And then in the 1980s, we started to get neural network based language models. And then starting in 2017 is considered one of the big breakthroughs, which is when the transformer model came out. I actually personally think that it's 2018 with ULM fit, but I'll dwell on that in a second.

But during my PhD, my research group was working on language modeling. And I remember a very particular sort of meeting between my supervisor and my group. One of the team had brought in their latest version and the model had kind of just we just started to be able to get this deep learning network to train. And it was beginning to put out things that looked like words.

Right. Like forget having a conversation with it. Forget getting it to use tools. You know, not trying to get the model to do anything of the complexity that we've seen today.

Like the model was just beginning to produce words. And I remember the PhD student who was working on it being really pleased that he'd finally got this complicated network to at least be training. Or Andrej Kaparthi wrote a blog post around that time on the unreasonable effectiveness of neural networks. And he was talking about how incredible it was that you could train an RNN language model that was capable of opening and closing brackets.

This was such a big breakthrough because you had a model that could understand long-range dependencies. We're talking 2017, 2018, 2016 for models where we're getting impressed that they can open and close brackets. It's worth thinking how much progress there's been in a short space of time.

But the two big breakthroughs in my mind, the first one was in 2018, which was the first time that someone really managed to show that you could pre-train a language model on a very large corpus of text. You could go grab the internet or another big corpus of text, just do this next word prediction task, and then use that model for lots of different downstream tasks. And that was the first big breakthrough.

But then the next one, the one that I think has precipitated the huge wave that we're seeing at the moment was in 2020 when GPT-3 came out.

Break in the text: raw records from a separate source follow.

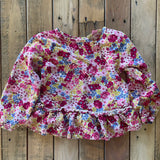 Pink Flower Garden Blouse | Penelope Mack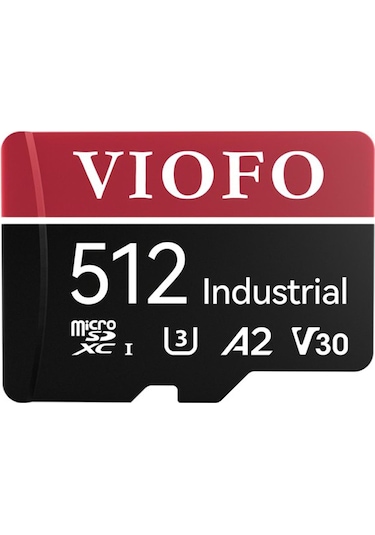 Viofo High Endurance 512 GB Class 10 A2 V30 Micro SD Hafıza Kartı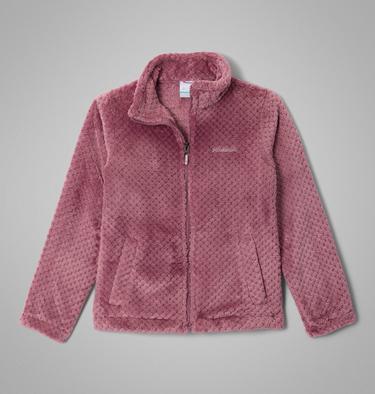 Fire Side Sherpa Fleece Jacke f&uuml;r M&auml;dchen, Color: Antique Mauve, image 1
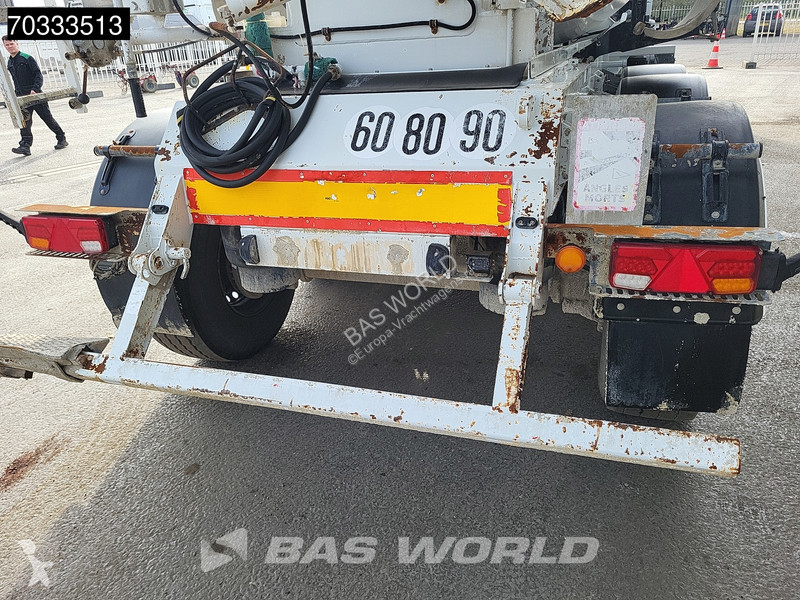 جرار Mercedes 1845 4X2 Concrete BPW 12m3...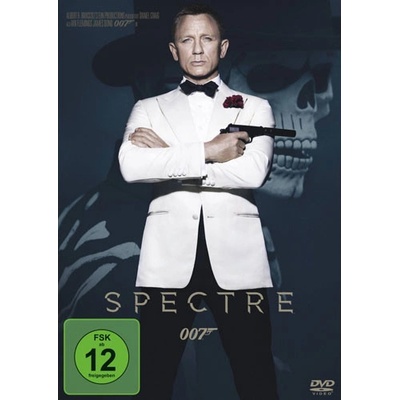 James Bond 007 - Spectre DVD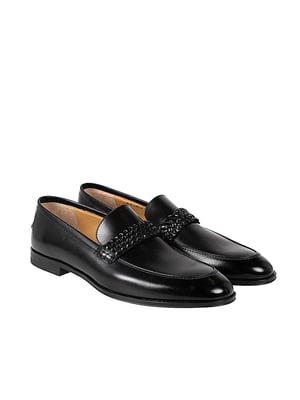 Bally Skor Loafers Herr Svart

And the reason GPT-3 was such a big deal is it's the first time that what's called in-context learning started to work. So even the models of 2018 and 2019, if you wanted to adapt them to a specific task, if you wanted to train a model that could send sales emails versus a model that could classify sentiment versus a model that might write code, then you would have to, for each of those cases, you would take the pre-trained model, you would go and grab a domain-specific data set for that use case. You would annotate that data set, and then you would fine tune a model on it.

You would do further training on that domain. And that was the only way to do customization for different tasks. And that's 2019. So that's three or four years ago.

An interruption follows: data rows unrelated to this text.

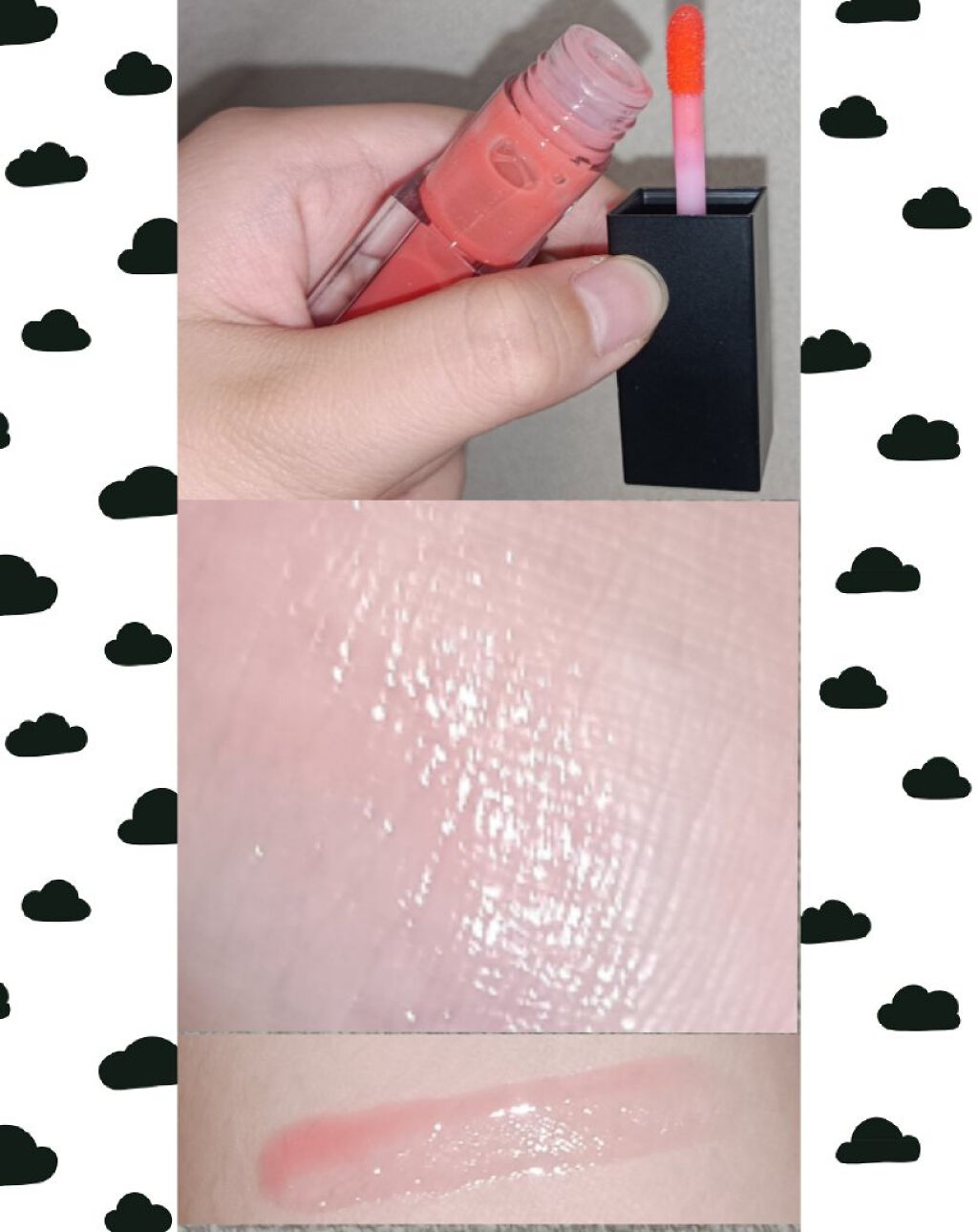 UR GLAM　LIP OIL/U R GLAM/リップグロスを使ったクチコミ（2枚目）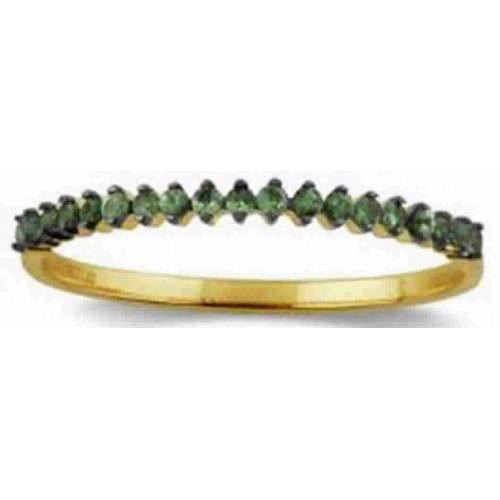 Ring Tsavorites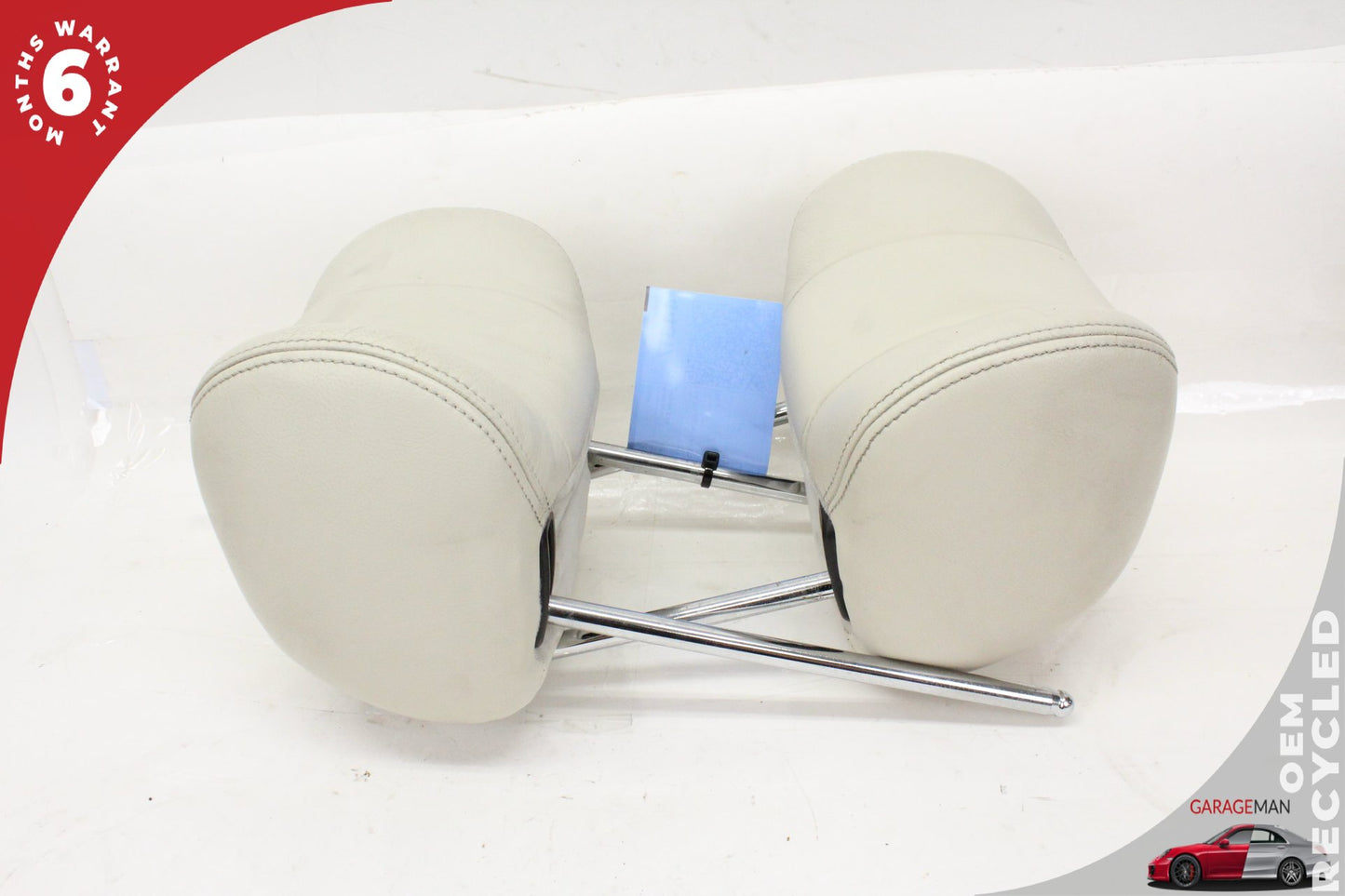 2000-2006 Jaguar XK8 XKR Front Left and Right Side Head Rest GJE5150EA OEM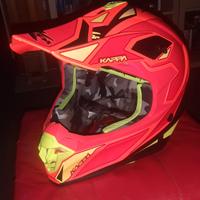 Casco enduro cross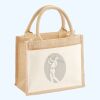 Cotton Pocket Jute Gift Bag Thumbnail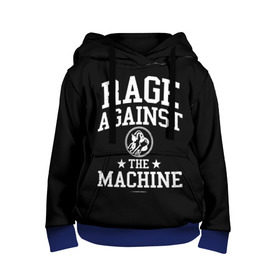 Детская толстовка 3D с принтом Rage Against the Machine в городе Новоалтайск, 100% полиэстер | двухслойный капюшон со шнурком для регулировки, мягкие манжеты на рукавах и по низу толстовки, спереди карман-кенгуру с мягким внутренним слоем | Тематика изображения на принте: rage against the machine | альтернативный | америка | американская рок группа | брэд уилк | жанр | зак де ла роча | калифорния | лос анджелес | метал | музыка | ню метал | рок | рэп метал | рэп рок | рэпкор | сша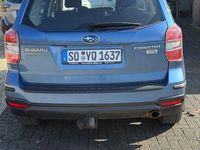 Gebraucht Subaru Forester Exclusive+ 147 PS (108 kW) 2015 Blau SUV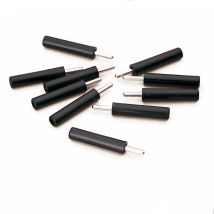 2mm plug, Unwired, Pkg of 10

The Breakthrough of In-Context Learning

And GPT-3 was really the first time that we saw models where you could provide examples of what you wanted, in the input field, in the context window of the model and have a reasonable expectation that it could learn something from that context. And I remember seeing this for the first time and having my mind blown because it felt like such a faster and more easy way to adapt these models and felt like this was going to change completely how we built NLP and how we built AI systems.

And that turned out to be true, but early language models were even GPT-3 wasn't yet that useful. So since then, there's been this enormous explosion, right? Like once we got in context learning working, then, you know, this slide is actually from May. So since then, there's been like even more models than this.

And Oscar was talking about the huge explosion and open source that has happened. There are now hundreds of different language models of different sizes. People are training them. And the question is like, OK, what changed to make these models get so much better?

Like, why does in-context learning start to work in GPT-3? Why do we continue to see so much progress?

Exploring the Scaling Hypothesis

There's a lot of possible explanations. But there's one explanation that I want to talk about specifically in this talk, which is the idea of what's called the scaling hypothesis. And the scaling hypothesis is an empirical observation. It's not a theory. We don't actually have good reason for it.

But it's the empirical observation that as we take these language models, or as we take deep learning networks in general, and we make them bigger in terms of the total compute that they use, so we increase the data sizes that they're trained on, and we increase the number of parameters in the models, then we see very predictable improvements in performance. And so the graphs that I'm showing here are taken, I think, from the original GPT-3 paper. And all they're showing is that as we increase the compute that the model gets across, in this case, 10 orders of magnitude, we see very reliable, very predictable decreases in the model's loss or in its performance. And so what that was suggesting from the GPT-3 paper was like, well, if we just keep making these models bigger, will they continue to just keep getting better?

And it was a pretty heterodox thing to believe at the time. I think the first people to really buy into this properly were the folks at OpenAI post-GPT-2. But to say that at the time, if we just make these models bigger, they'll continue to improve was something that was not respected or considered serious amongst most people in the community.

I personally did not think that it would happen post GPT-2. I think after GPT-3, I started to believe it, but most of academia continued and continues to this moment to be skeptical of the scaling hypothesis. But taken to its kind of like logical extreme, the scaling hypothesis is the idea that like, as we make the models bigger, they just continue to improve. And also that there are many blessings of scale, that a lot of the problems that you have when you train smaller models start to go away as the models get bigger.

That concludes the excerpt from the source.